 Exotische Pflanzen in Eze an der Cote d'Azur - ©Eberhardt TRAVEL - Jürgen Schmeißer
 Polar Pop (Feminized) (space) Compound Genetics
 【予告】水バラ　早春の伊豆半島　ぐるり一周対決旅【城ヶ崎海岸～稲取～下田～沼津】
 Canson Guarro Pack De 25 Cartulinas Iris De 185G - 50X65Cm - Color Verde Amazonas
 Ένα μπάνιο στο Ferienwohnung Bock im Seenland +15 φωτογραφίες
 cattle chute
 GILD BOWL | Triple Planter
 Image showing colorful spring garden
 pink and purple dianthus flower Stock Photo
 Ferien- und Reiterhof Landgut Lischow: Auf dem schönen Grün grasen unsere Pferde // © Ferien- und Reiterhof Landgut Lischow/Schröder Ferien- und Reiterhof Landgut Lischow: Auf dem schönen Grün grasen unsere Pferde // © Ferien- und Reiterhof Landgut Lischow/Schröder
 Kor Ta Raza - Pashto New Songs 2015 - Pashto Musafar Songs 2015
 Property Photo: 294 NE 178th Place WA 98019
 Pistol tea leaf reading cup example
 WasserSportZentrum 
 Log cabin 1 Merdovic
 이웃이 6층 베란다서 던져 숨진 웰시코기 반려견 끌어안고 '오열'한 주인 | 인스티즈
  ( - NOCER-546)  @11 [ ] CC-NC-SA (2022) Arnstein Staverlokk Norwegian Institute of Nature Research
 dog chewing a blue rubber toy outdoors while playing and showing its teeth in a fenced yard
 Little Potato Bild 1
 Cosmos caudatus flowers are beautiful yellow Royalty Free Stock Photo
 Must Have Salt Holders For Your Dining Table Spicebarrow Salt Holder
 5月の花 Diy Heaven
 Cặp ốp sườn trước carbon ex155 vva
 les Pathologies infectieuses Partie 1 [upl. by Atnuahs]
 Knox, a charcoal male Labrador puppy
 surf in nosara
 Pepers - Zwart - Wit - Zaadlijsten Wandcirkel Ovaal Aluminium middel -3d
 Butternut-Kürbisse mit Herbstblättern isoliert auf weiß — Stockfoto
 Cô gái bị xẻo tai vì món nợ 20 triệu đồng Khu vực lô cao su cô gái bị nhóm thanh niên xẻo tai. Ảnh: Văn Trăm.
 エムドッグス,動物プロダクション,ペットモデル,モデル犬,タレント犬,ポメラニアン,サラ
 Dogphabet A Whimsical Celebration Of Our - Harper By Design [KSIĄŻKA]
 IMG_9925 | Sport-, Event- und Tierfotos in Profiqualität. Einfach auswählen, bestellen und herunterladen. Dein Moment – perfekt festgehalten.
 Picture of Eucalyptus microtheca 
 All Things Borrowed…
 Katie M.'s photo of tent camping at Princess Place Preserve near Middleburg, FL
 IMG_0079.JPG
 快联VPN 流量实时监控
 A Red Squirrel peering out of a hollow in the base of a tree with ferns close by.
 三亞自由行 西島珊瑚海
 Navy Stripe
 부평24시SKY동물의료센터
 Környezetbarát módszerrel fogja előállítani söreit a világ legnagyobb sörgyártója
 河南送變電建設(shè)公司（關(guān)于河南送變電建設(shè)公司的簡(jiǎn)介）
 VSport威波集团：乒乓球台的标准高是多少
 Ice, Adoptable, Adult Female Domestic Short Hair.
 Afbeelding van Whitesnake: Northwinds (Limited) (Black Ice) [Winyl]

===============

#### Exercise details:
Give back the entire listing verbatim.

#### Final answer:
 Exotische Pflanzen in Eze an der Cote d'Azur - ©Eberhardt TRAVEL - Jürgen Schmeißer
 Polar Pop (Feminized) (space) Compound Genetics
 【予告】水バラ　早春の伊豆半島　ぐるり一周対決旅【城ヶ崎海岸～稲取～下田～沼津】
 Canson Guarro Pack De 25 Cartulinas Iris De 185G - 50X65Cm - Color Verde Amazonas
 Ένα μπάνιο στο Ferienwohnung Bock im Seenland +15 φωτογραφίες
 cattle chute
 GILD BOWL | Triple Planter
 Image showing colorful spring garden
 pink and purple dianthus flower Stock Photo
 Ferien- und Reiterhof Landgut Lischow: Auf dem schönen Grün grasen unsere Pferde // © Ferien- und Reiterhof Landgut Lischow/Schröder Ferien- und Reiterhof Landgut Lischow: Auf dem schönen Grün grasen unsere Pferde // © Ferien- und Reiterhof Landgut Lischow/Schröder
 Kor Ta Raza - Pashto New Songs 2015 - Pashto Musafar Songs 2015
 Property Photo: 294 NE 178th Place WA 98019
 Pistol tea leaf reading cup example
 WasserSportZentrum 
 Log cabin 1 Merdovic
 이웃이 6층 베란다서 던져 숨진 웰시코기 반려견 끌어안고 '오열'한 주인 | 인스티즈
  ( - NOCER-546)  @11 [ ] CC-NC-SA (2022) Arnstein Staverlokk Norwegian Institute of Nature Research
 dog chewing a blue rubber toy outdoors while playing and showing its teeth in a fenced yard
 Little Potato Bild 1
 Cosmos caudatus flowers are beautiful yellow Royalty Free Stock Photo
 Must Have Salt Holders For Your Dining Table Spicebarrow Salt Holder
 5月の花 Diy Heaven
 Cặp ốp sườn trước carbon ex155 vva
 les Pathologies infectieuses Partie 1 [upl. by Atnuahs]
 Knox, a charcoal male Labrador puppy
 surf in nosara
 Pepers - Zwart - Wit - Zaadlijsten Wandcirkel Ovaal Aluminium middel -3d
 Butternut-Kürbisse mit Herbstblättern isoliert auf weiß — Stockfoto
 Cô gái bị xẻo tai vì món nợ 20 triệu đồng Khu vực lô cao su cô gái bị nhóm thanh niên xẻo tai. Ảnh: Văn Trăm.
 エムドッグス,動物プロダクション,ペットモデル,モデル犬,タレント犬,ポメラニアン,サラ
 Dogphabet A Whimsical Celebration Of Our - Harper By Design [KSIĄŻKA]
 IMG_9925 | Sport-, Event- und Tierfotos in Profiqualität. Einfach auswählen, bestellen und herunterladen. Dein Moment – perfekt festgehalten.
 Picture of Eucalyptus microtheca 
 All Things Borrowed…
 Katie M.'s photo of tent camping at Princess Place Preserve near Middleburg, FL
 IMG_0079.JPG
 快联VPN 流量实时监控
 A Red Squirrel peering out of a hollow in the base of a tree with ferns close by.
 三亞自由行 西島珊瑚海
 Navy Stripe
 부평24시SKY동물의료센터
 Környezetbarát módszerrel fogja előállítani söreit a világ legnagyobb sörgyártója
 河南送變電建設(shè)公司（關(guān)于河南送變電建設(shè)公司的簡(jiǎn)介）
 VSport威波集团：乒乓球台的标准高是多少
 Ice, Adoptable, Adult Female Domestic Short Hair.
 Afbeelding van Whitesnake: Northwinds (Limited) (Black Ice) [Winyl]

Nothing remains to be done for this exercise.